[Action item]:
Type out the lines below exactly, pictures excluded.

[Collected data]:
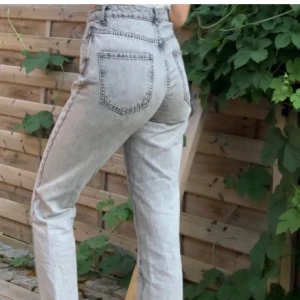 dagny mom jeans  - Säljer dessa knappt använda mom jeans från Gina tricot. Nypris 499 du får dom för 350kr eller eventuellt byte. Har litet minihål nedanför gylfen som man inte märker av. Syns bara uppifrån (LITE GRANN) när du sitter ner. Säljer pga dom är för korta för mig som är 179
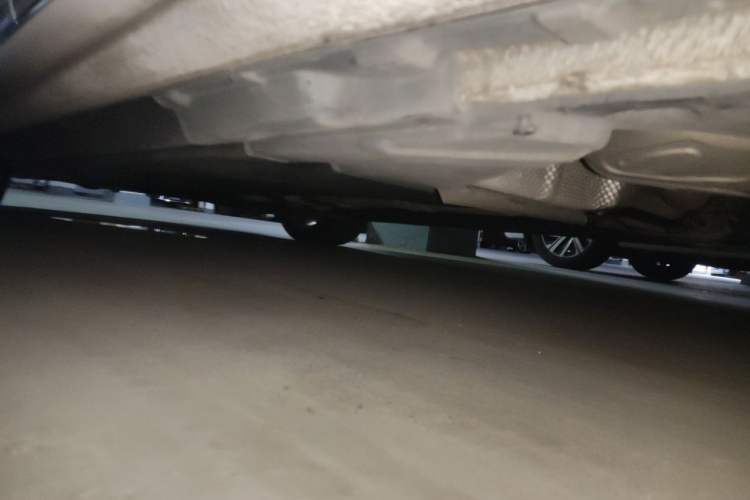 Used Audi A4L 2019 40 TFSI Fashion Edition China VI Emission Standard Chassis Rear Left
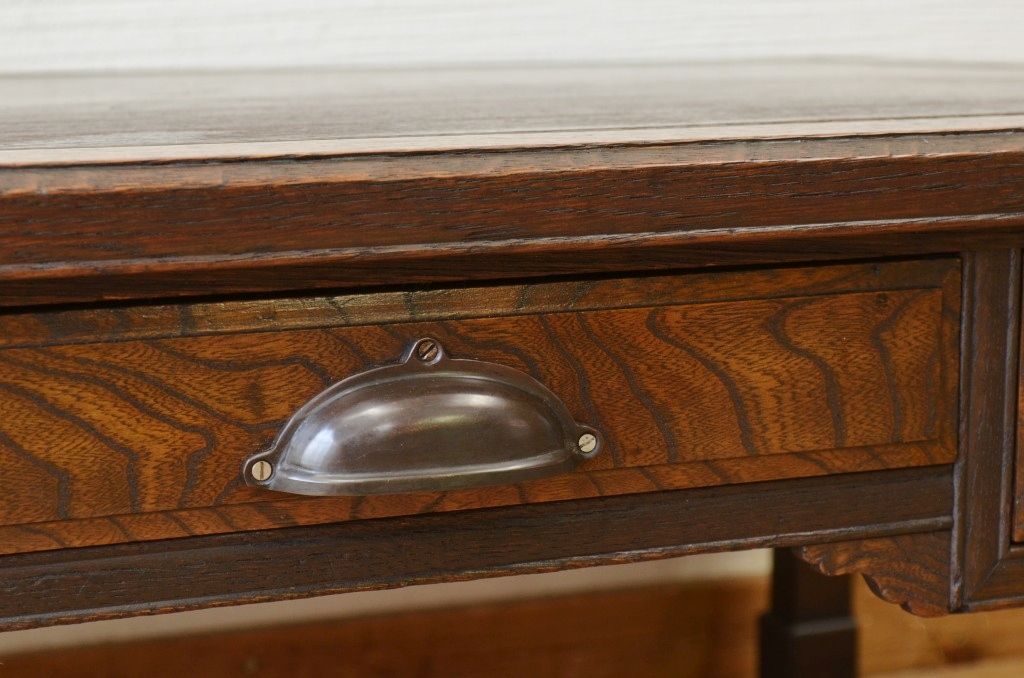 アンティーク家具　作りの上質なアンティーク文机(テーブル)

[Exercise response]:
 dagny mom jeans  - Säljer dessa knappt använda mom jeans från Gina tricot. Nypris 499 du får dom för 350kr eller eventuellt byte. Har litet minihål nedanför gylfen som man inte märker av. Syns bara uppifrån (LITE GRANN) när du sitter ner. Säljer pga dom är för korta för mig som är 179
 Used Audi A4L 2019 40 TFSI Fashion Edition China VI Emission Standard Chassis Rear Left
 アンティーク家具　作りの上質なアンティーク文机(テーブル)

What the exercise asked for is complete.